No hay evidencias de que la corrupción en el mundo haya disminuido. Más bien, todo indica que estas campañas anticorrupción son la excusa preferida por los gobiernos autócratas para atacar a sus opositores. Pero mientras que los ejemplos de éxito en la lucha contra la corrupción son escasos, sus mutaciones son cada vez más impactantes. A la corrupción «normal» ahora le debemos añadir la cleptocracia y, a esta, los Estados mafiosos.
La corrupción «normal» es transaccional. Ocurre cuando una persona u organización privada soborna a funcionarios públicos para hacer que una determinada transacción genere beneficios indebidos para los involucrados. Es el policía de tránsito que a cambio de un pago no pone la multa por conducir a exceso de velocidad o el contratista que le promete al ministro el 10% del monto del contrato si su oferta es seleccionada. Esta es la corrupción clásica, versión 1.0, que se ve en mayor o menor grado en casi todas partes del mundo, desde Austria hasta Zimbabue.

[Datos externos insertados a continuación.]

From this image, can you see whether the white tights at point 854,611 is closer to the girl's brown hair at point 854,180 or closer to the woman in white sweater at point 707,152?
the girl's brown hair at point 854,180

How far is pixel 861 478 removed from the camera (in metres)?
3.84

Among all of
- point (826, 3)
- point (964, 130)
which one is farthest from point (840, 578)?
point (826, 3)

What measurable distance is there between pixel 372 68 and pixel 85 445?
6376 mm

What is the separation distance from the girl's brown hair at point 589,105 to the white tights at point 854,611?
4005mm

Lamentablemente, en muchos países la corrupción va mucho más allá. Se trata de las naciones gobernadas por cleptócratas (del griego: clepto se traduce a robo y cracia a gobierno).

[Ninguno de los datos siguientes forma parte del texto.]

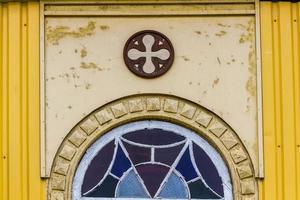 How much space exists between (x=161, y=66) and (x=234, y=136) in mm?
1127

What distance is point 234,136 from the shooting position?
58.9 ft

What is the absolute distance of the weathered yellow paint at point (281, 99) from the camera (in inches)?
699

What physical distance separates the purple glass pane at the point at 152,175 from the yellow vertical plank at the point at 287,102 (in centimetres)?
132

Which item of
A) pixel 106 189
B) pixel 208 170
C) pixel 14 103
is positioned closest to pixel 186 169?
pixel 208 170

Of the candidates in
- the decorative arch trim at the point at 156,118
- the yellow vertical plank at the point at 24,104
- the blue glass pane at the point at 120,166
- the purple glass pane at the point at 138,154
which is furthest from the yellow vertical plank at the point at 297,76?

Es un sistema donde el presidente, primer ministro o monarca utiliza los fondos y recursos de la nación como si fuesen propios y los distribuye entre sus familiares, testaferros y socios, aliados políticos y altos oficiales militares. Cleptocracias hemos visto en los cinco continentes: desde el Haiti de «Baby Doc» Duvalier hasta el Kazajistán de Nursultan Nazarbayev. Muchos de estos cleptócratas mantienen a su pueblo en la indigencia mientras ellos se roban los activos de la nación. Pero no todos. Suharto, el dictador de Indonesia entre 1967 y 1998… permitió que el país se desarrollara bajo su mandato. Así, el ingreso real per cápita de los indonesios aumento 20 veces.
Por dramática que nos pueda parecer la cleptocracia, no es la principal amenaza de la corrupción a gran escala. Ciertos países van más allá y se convierten en Estados mafiosos. Allí, la corrupción pasa de ser una fuente de enriquecimiento ilícito para los gobernantes a ser usada como un potente instrumento político.

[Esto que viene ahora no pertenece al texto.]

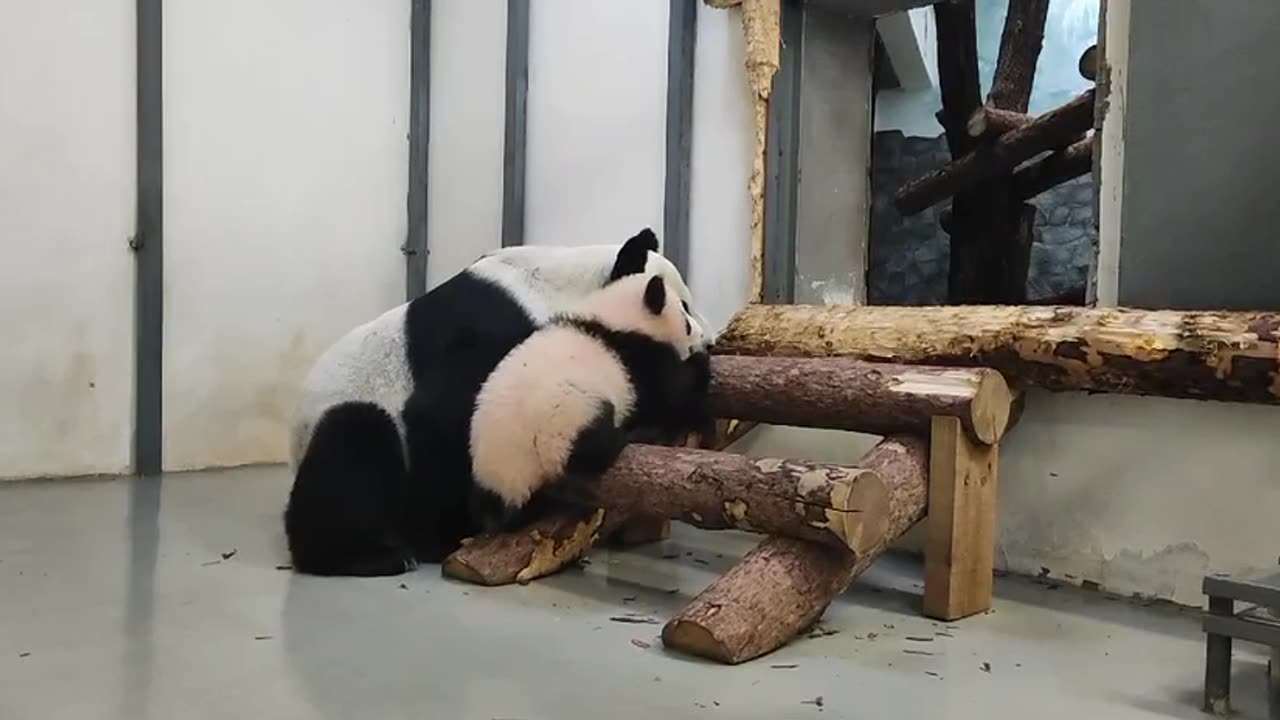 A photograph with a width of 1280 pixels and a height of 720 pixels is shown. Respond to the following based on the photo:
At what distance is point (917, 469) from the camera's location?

En la Rusia de Putin, la Venezuela de Nicolás Maduro y el Egipto de Abdelfatah al Sisi los gobernantes utilizan la corrupción como una herramienta para aumentar su poder dentro del país, así como en sus relaciones internacionales. Los Estados mafiosos son la expresión máxima de la corrupción 3.0. Ya no se trata de grupos criminales que influyen sobre el gobierno desde afuera, sino que la sede de la corrupción es el gobierno mismo.
Vladimir Putin, por ejemplo, utiliza a personajes como Yevgeny Prigozhin, jefe del Grupo Wagner, un ejército de mercenarios, para hacer el trabajo sucio del Kremlin en todas partes del mundo. Desde sus humildes inicios como cocinero del Kremlin —o, bueno, jefe de la empresa de catering que se encargaba de esa labor— Prigozhin fue creciendo en poderío y riqueza junto con el líder ruso hasta convertirse en un cómplice clave.
Cuando hablamos de corrupción, entonces, es importante precisar de cuál de estos tres niveles estamos hablando. Porque los tres son nocivos, pero el segundo es mucho más nocivo que el primero, y el tercero mucho más que el segundo.
La corrupción que opera a escala mundial y que es gestionada por gobiernos autócratas en apoyo de sus estrategias geopolíticas es una amenaza para la cual el mundo no tiene respuestas efectivas. Hay que reconocer que la corrupción 3.0 no es solo un problema para jueces, fiscales y policías. Es una amenaza para las democracias del mundo y para la seguridad internacional.